* **What the task asks**
From the listing below, please restate exactly the lines beginning at the one with "animales y mascotas" and ending at the one with "landscape, city, bike", both included, and skip the pictures.

* **Exercise data**

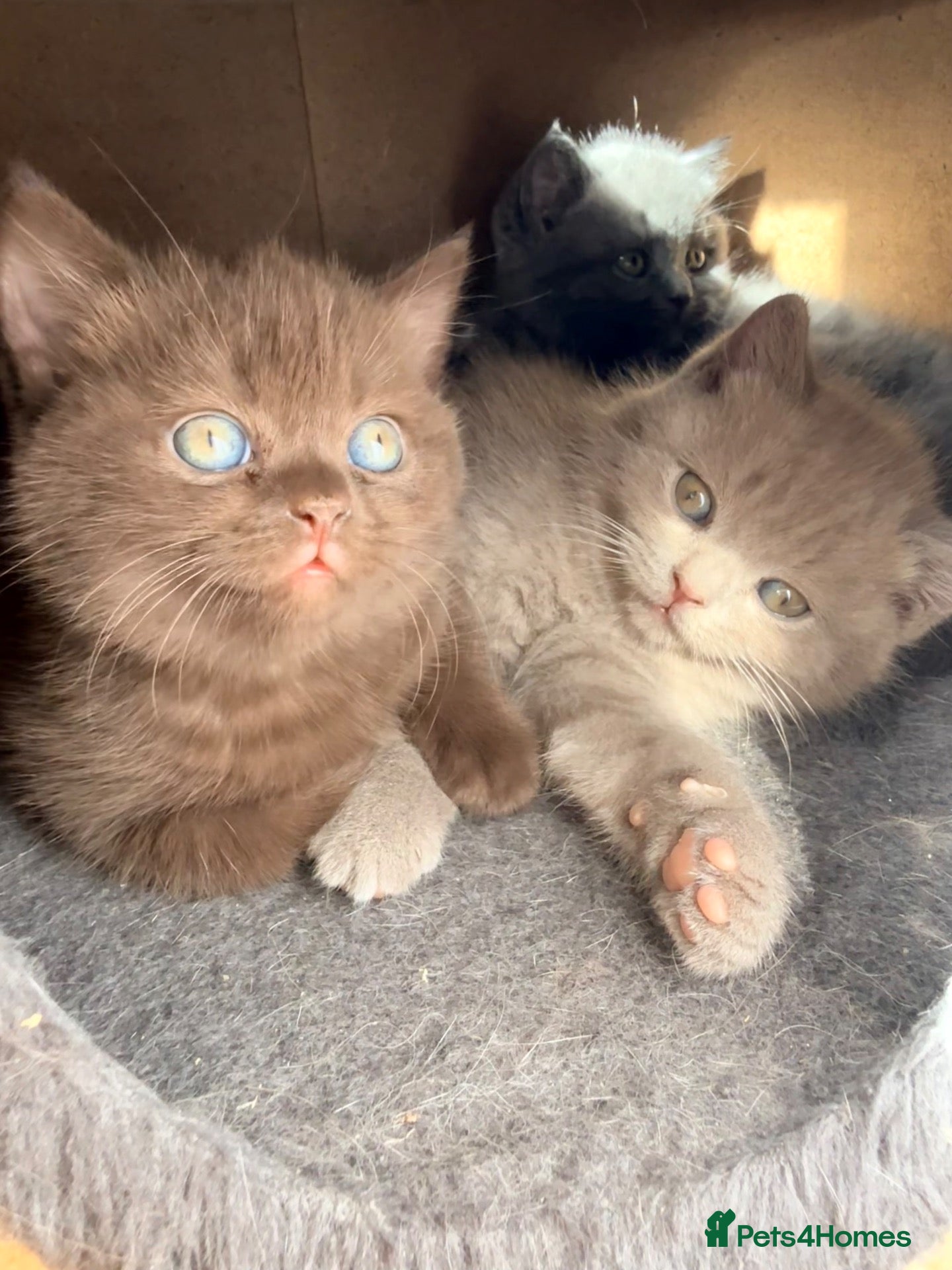 British Shorthair cats 🐾 British shorthair kitten for sale 🐾 - Advert 1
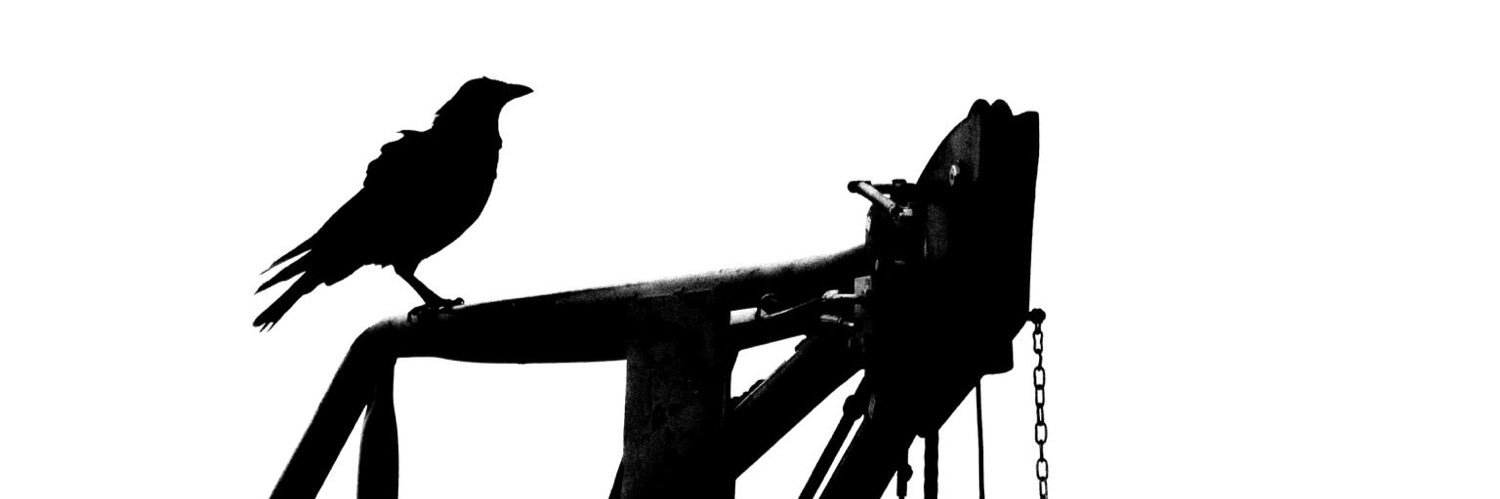 MorvanLeo's profile banner image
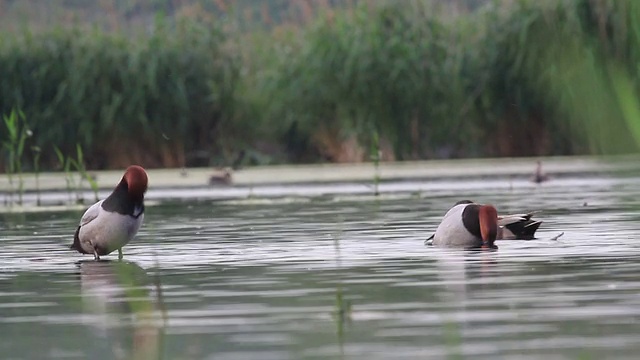 共同的Pochard (Aythya ferina)视频下载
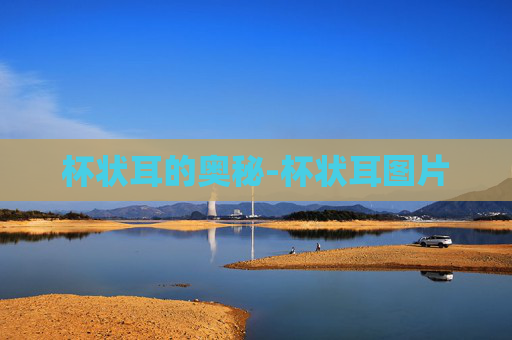 杯状耳的奥秘-杯状耳图片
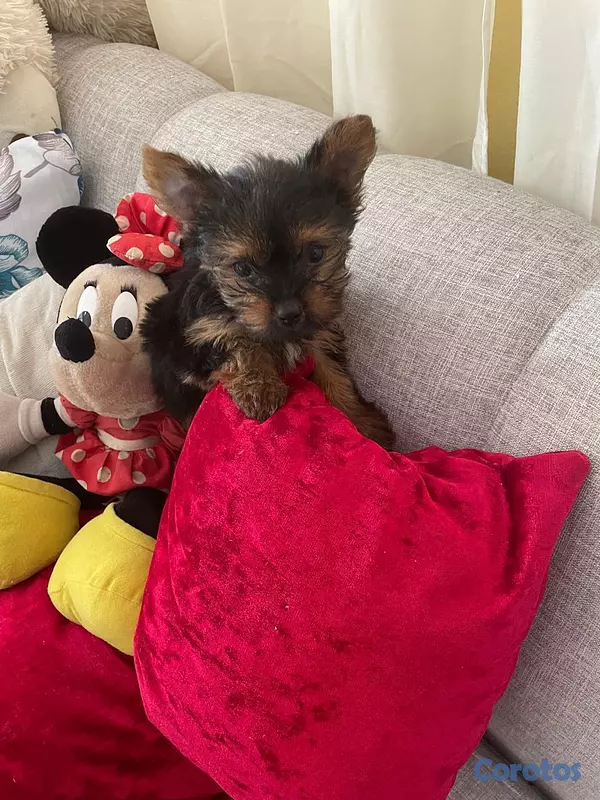 animales y mascotas - Yorkie Macho  7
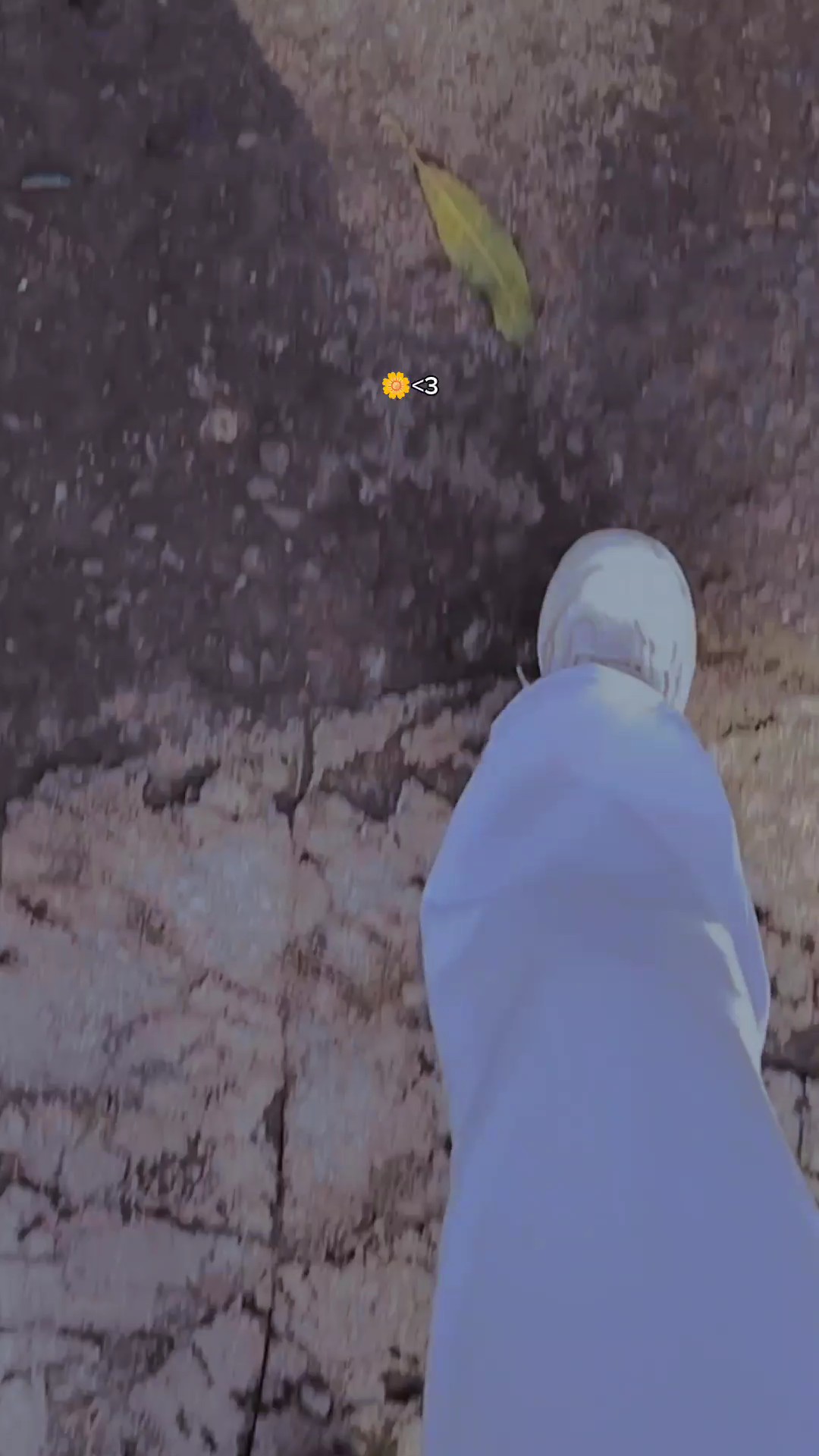 Video Walking+filter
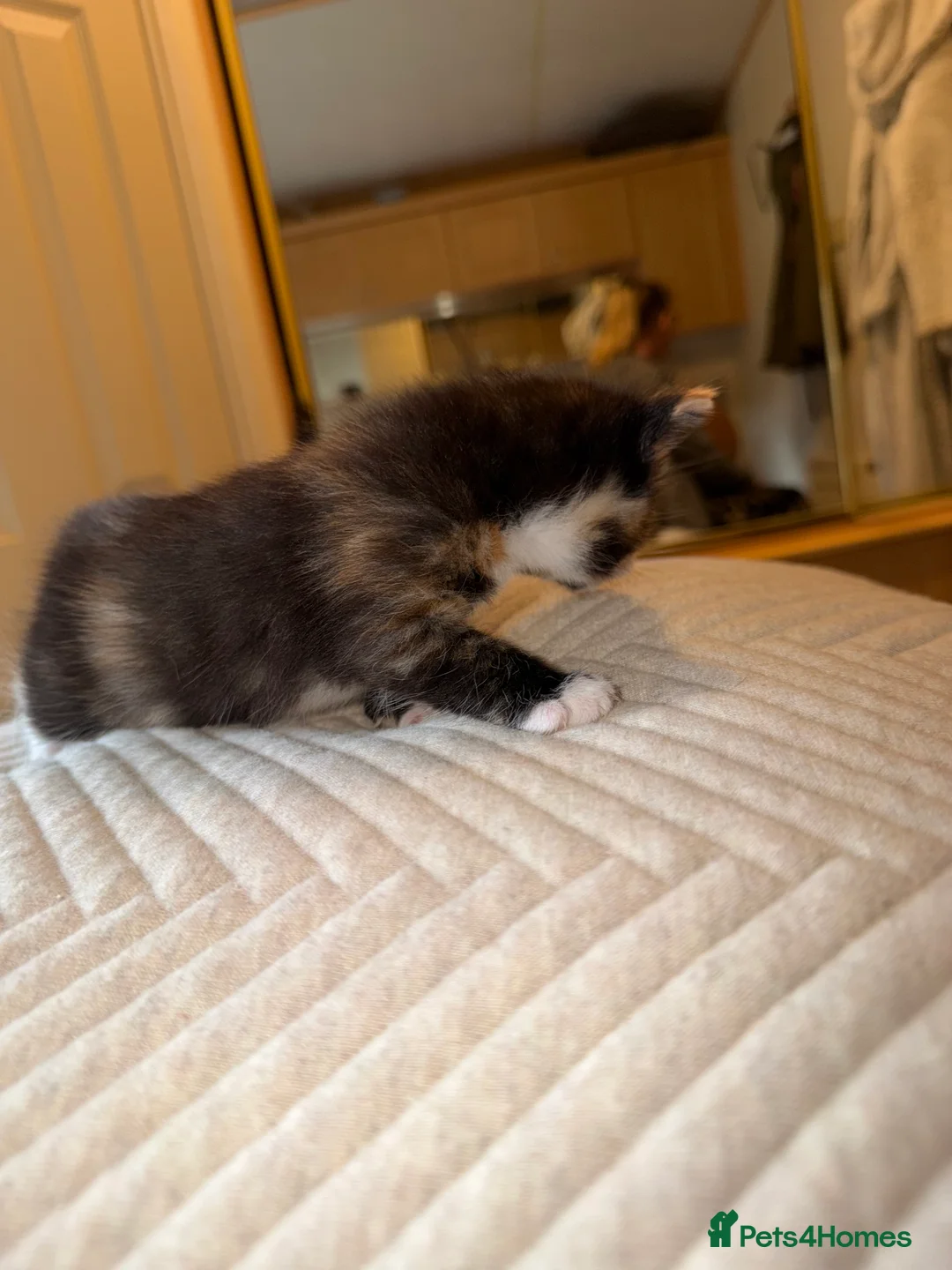 British Shorthair cats for sale: Kittens  in Congleton - Advert 2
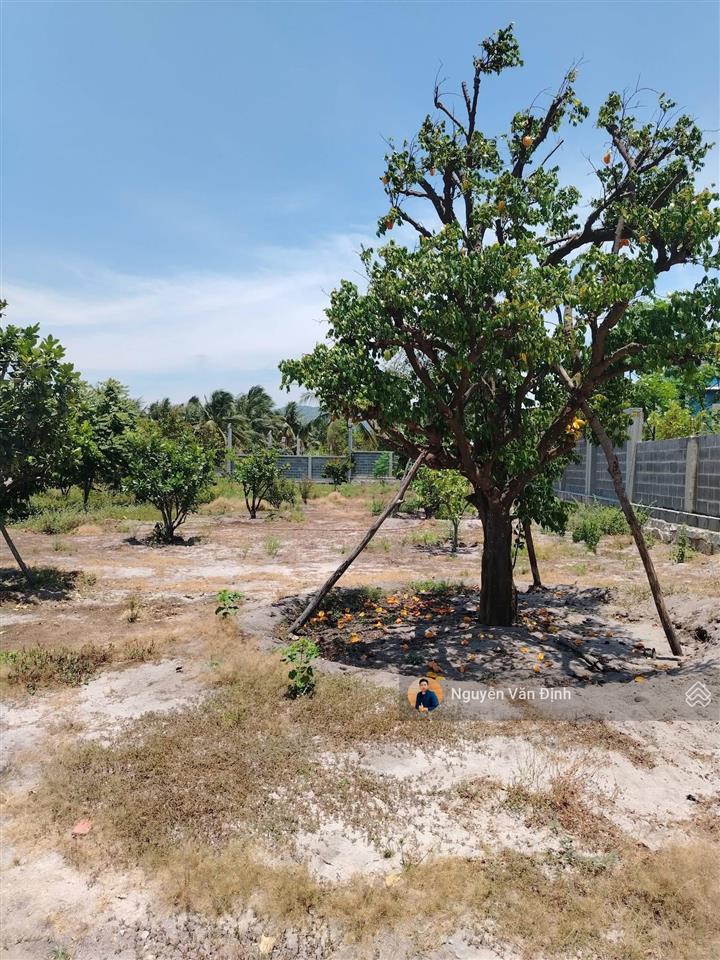 Chỉ 3 tỷ 1sào. có 5.757m2 có 400m2 thổ cư đất trung tâm xã long mỹ cũ nay xã phước hải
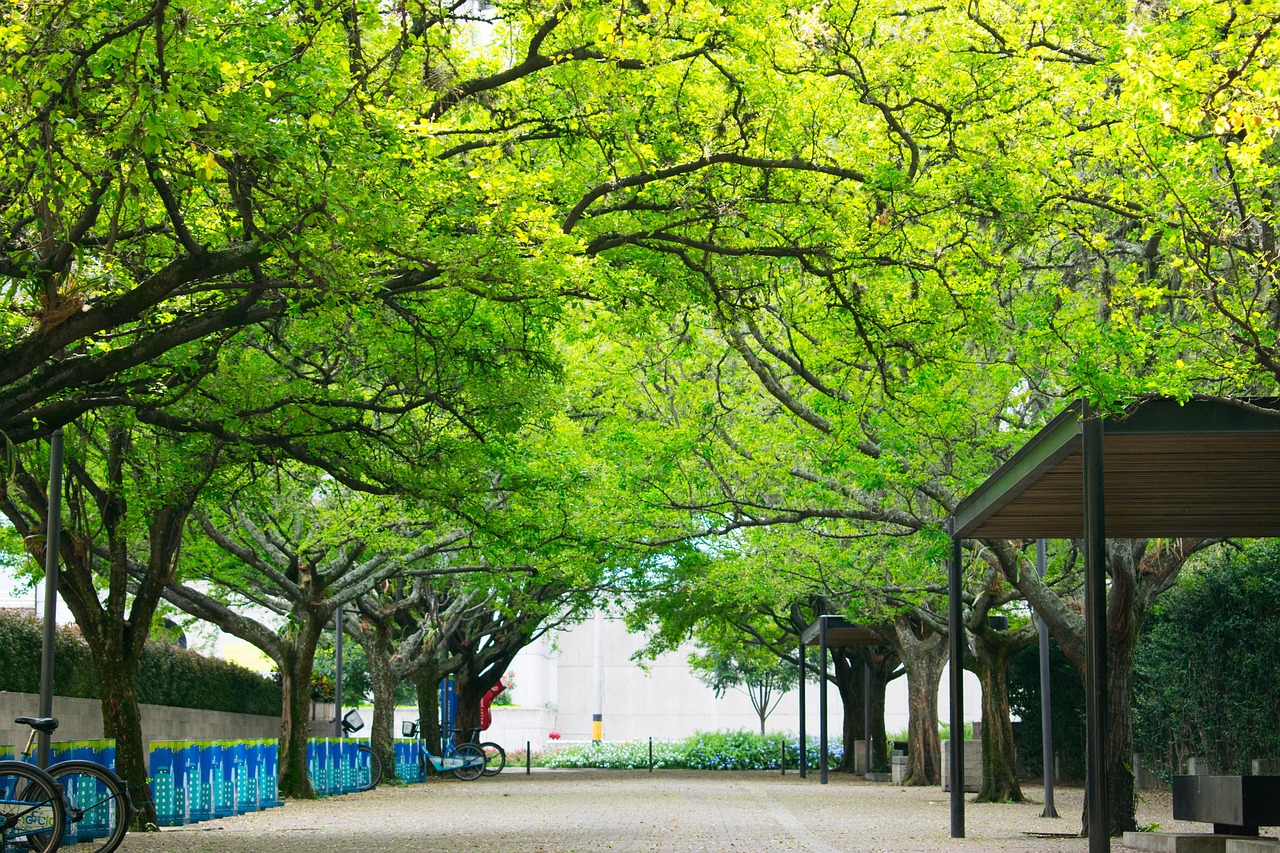 medellin, colombia, path, green, trees, spring, landscape, nature, urban, urban landscape, city, bike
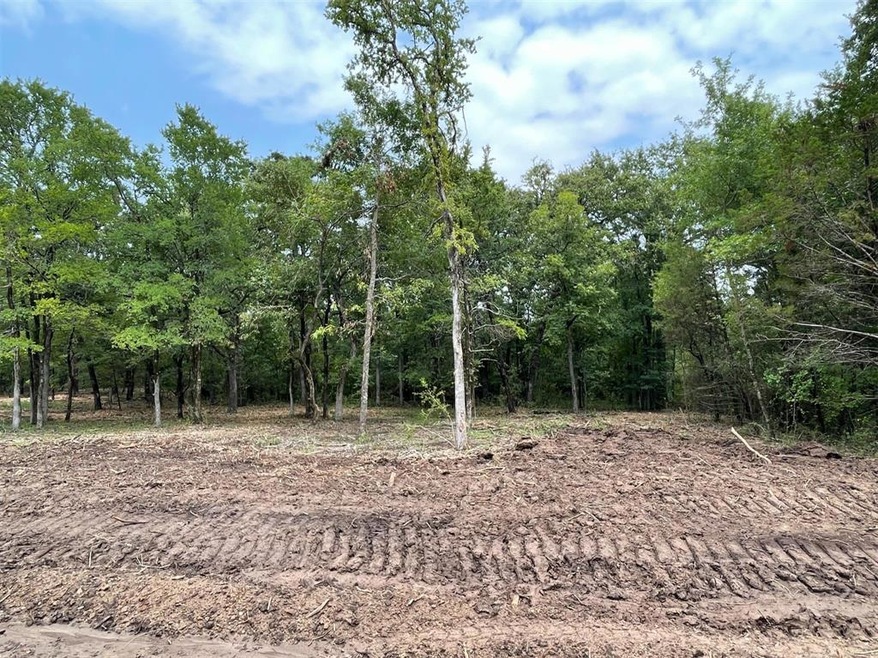 615 Roy Coffee Ct, Weatherford, TX 76087 - photo 1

* **Written response**
 animales y mascotas - Yorkie Macho  7
 Video Walking+filter
 British Shorthair cats for sale: Kittens  in Congleton - Advert 2
 Chỉ 3 tỷ 1sào. có 5.757m2 có 400m2 thổ cư đất trung tâm xã long mỹ cũ nay xã phước hải
 medellin, colombia, path, green, trees, spring, landscape, nature, urban, urban landscape, city, bike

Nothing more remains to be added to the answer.